A idéia da cerveja “estupidamente gelada” foi bastante difundida pela grande indústria cervejeira (novamente!), com o objetivo de mascarar certos defeitos decorrentes de falhas no processo de produção e/ou transporte e armazenamento inadequado. Afinal de contas, o objetivo é que os bebedores estúpidos não sintam nenhum gosto mesmo.

Por fim, cada estilo de cerveja tem uma temperatura correta de serviço, que potencializa o que cada bebida tem a oferecer. Procure saber a temperatura correta do estilo que você pretende degustar, vale a pena!

Mitos Cervejeiros: Cerveja boa é puro malte!

maltes de cerveja

Créditos: 

Essa frase é quase um mantra para os pretensos connoisseurs que curtem uma cerveja artesanal. Infelizmente, caro bebum, não faz sentido algum.

Provavelmente este preconceito tem origem na tal “lei de pureza alemã”, também conhecida pelo palavrão “Reinheitsgebot”, a qual permitia a fabricação de cerveja apenas com água, malte e lúpulo (até então as leveduras não eram conhecidas, portanto estas não foram incluídas na lei original). Como a Alemanha é produtora natural de cervejas maravilhosas, a associação das “puro malte” com as cervejas de melhor qualidade foi feita com facilidade.

Porém, ali do ladinho da Alemanha, encontramos a Bélgica, produtora milenar de excelentes cervejas que, além dos ingredientes acima, levam em sua composição desde sacarose (o tradicional açúcar) até condimentos como semente de coentro e cascas de laranja, proibidíssimos no vizinho cervejeiro. Hoje em dia podemos encontrar no mercado várias cervejas fantásticas com uma miríade de ingredientes, desde high-maltose (um carboidrato fermentável derivado do milho) até ostras! (sim, OSTRAS! Duvidam?
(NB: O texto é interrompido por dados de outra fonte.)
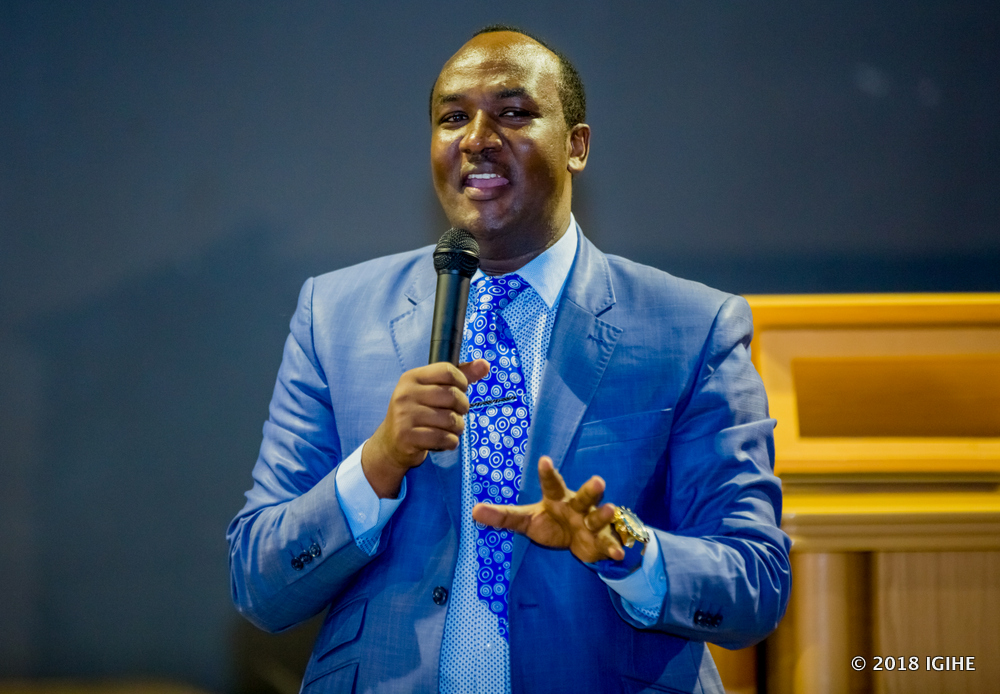 Bishop Rugagi yabajije abayoboke be uko baba bakunda umurimo w'Imana hanyuma bakabura amafaranga yo gukodesha urusengero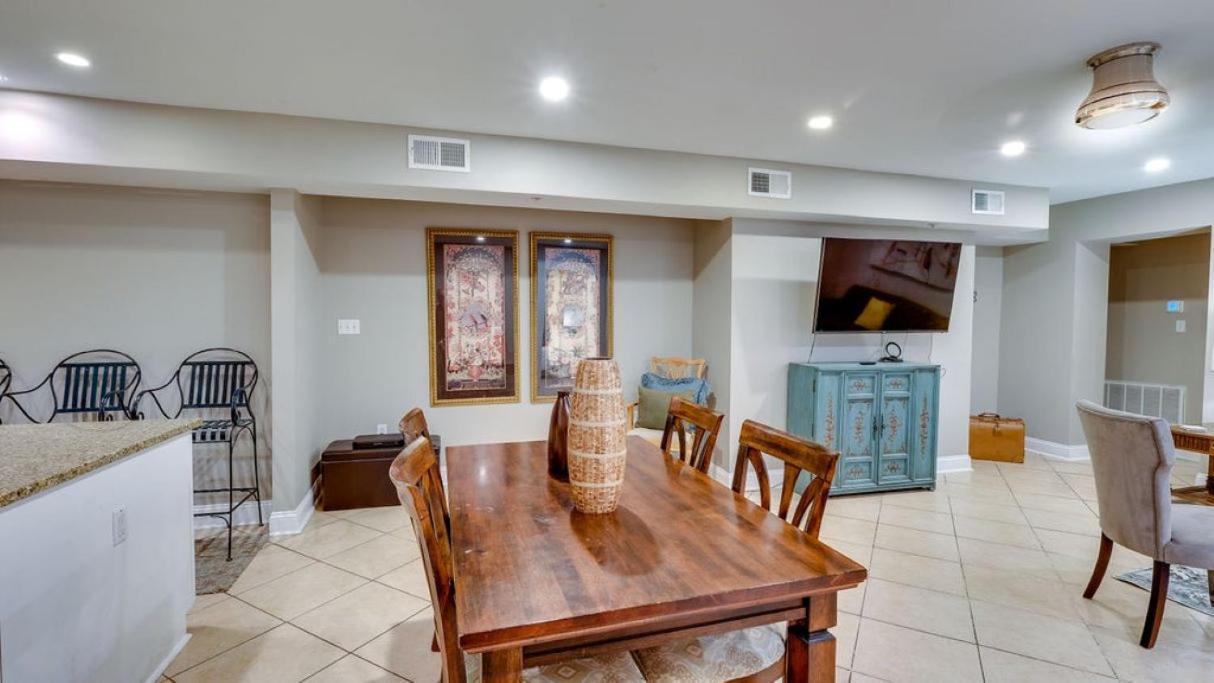 Apartment 4 Bedroom Beauty Steps From The River Savannah
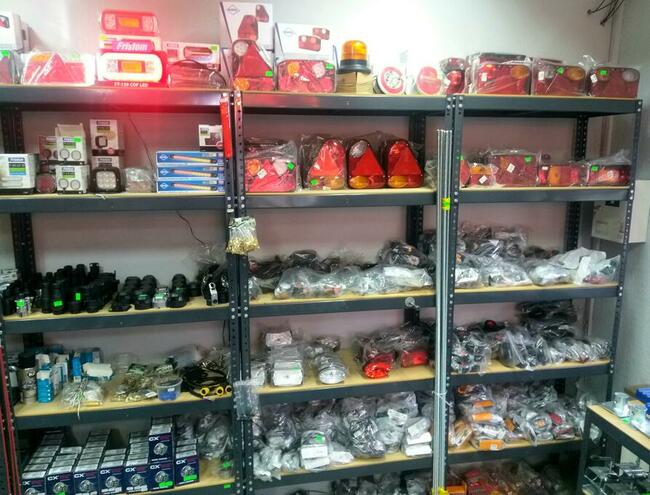 Części do przyczep, lawet, Lampy, Zaczepy, Koła, Pasy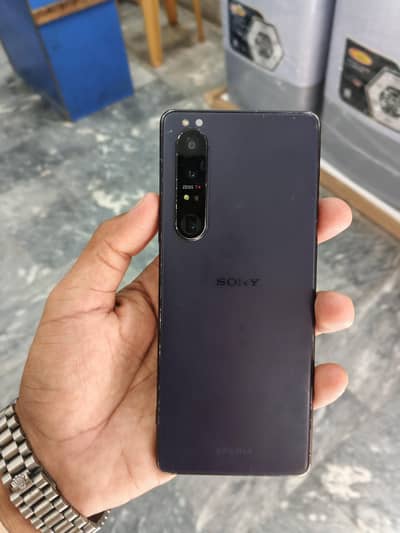 Sony 1 III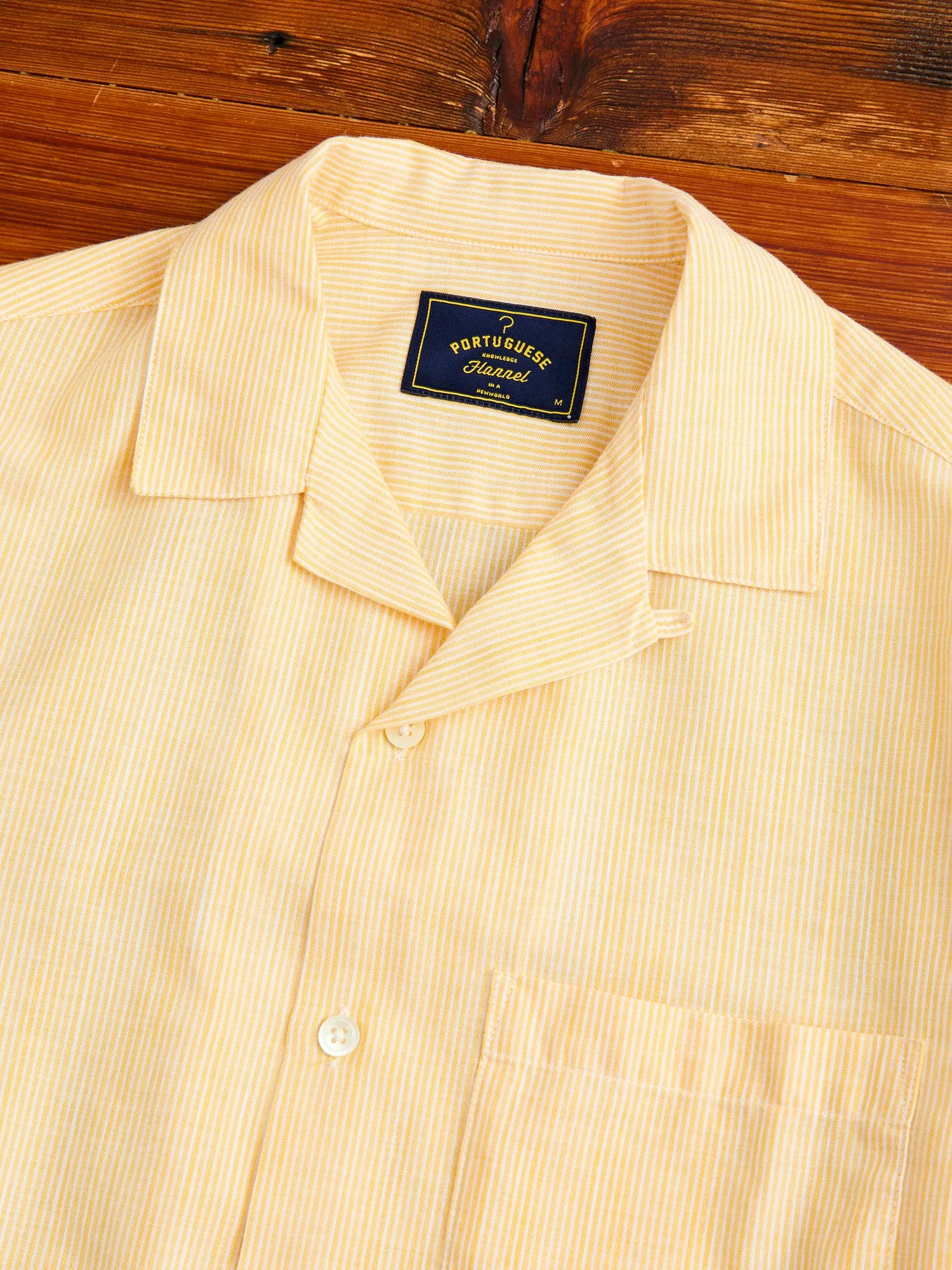 Summer Blend Button-Up Shirt in Yellow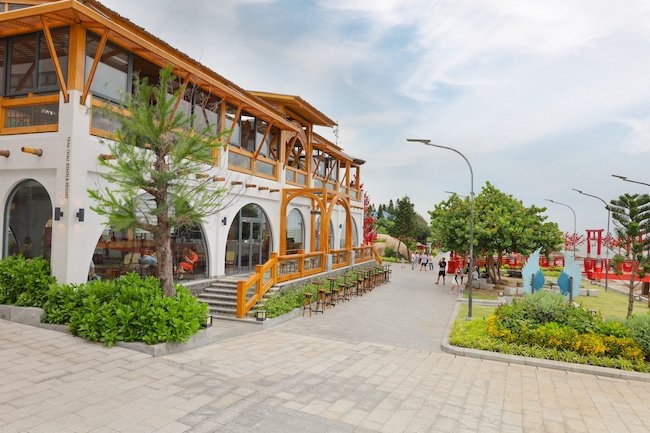 Trân Châu Beach & Resort ra mắt thương hiệu và cửa hàng trà sữa Tacerla Tea House 1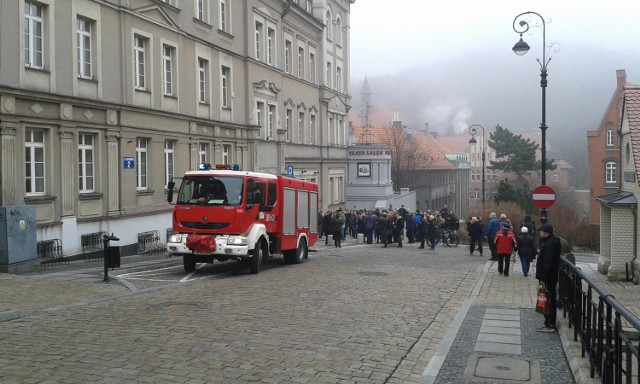 Pod nadzorem straży pożarnej przeprowadzono ćwiczenia związane z ewakuacją obiektu Urzędu Miejskiego w Wałbrzychu przy ul. Kopernika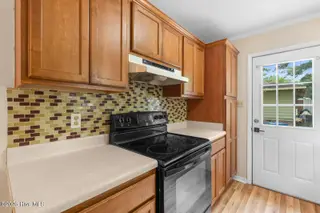 302 Cardinal Road, Jacksonville, NC 28546 – photo 10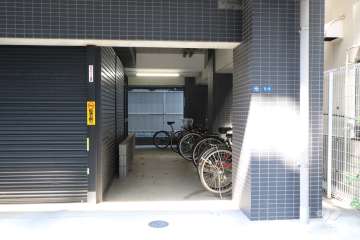 屋内に設けられた駐輪場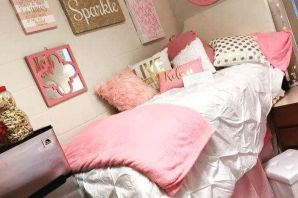 Старая розовая комната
Olhem aqui).

Enfim, como vimos acima, vale de tudo para produzir uma cerveja de qualidade, sem preconceitos! O que não vale é usar matérias-primas de qualidade inferior para baratear o produto final e fazer o consumidor engolir isso, como se o uso destes ingredientes fossem por escolha do público consumidor, não são! Quaisquer semelhanças com algumas cervejas do mercado não são mera coincidência.

Finalizando

Estes são os três primeiros mitos cervejeiros derrubados, em breve voltaremos a escrever sobre mais alguns outros! Boas cervejas a todos!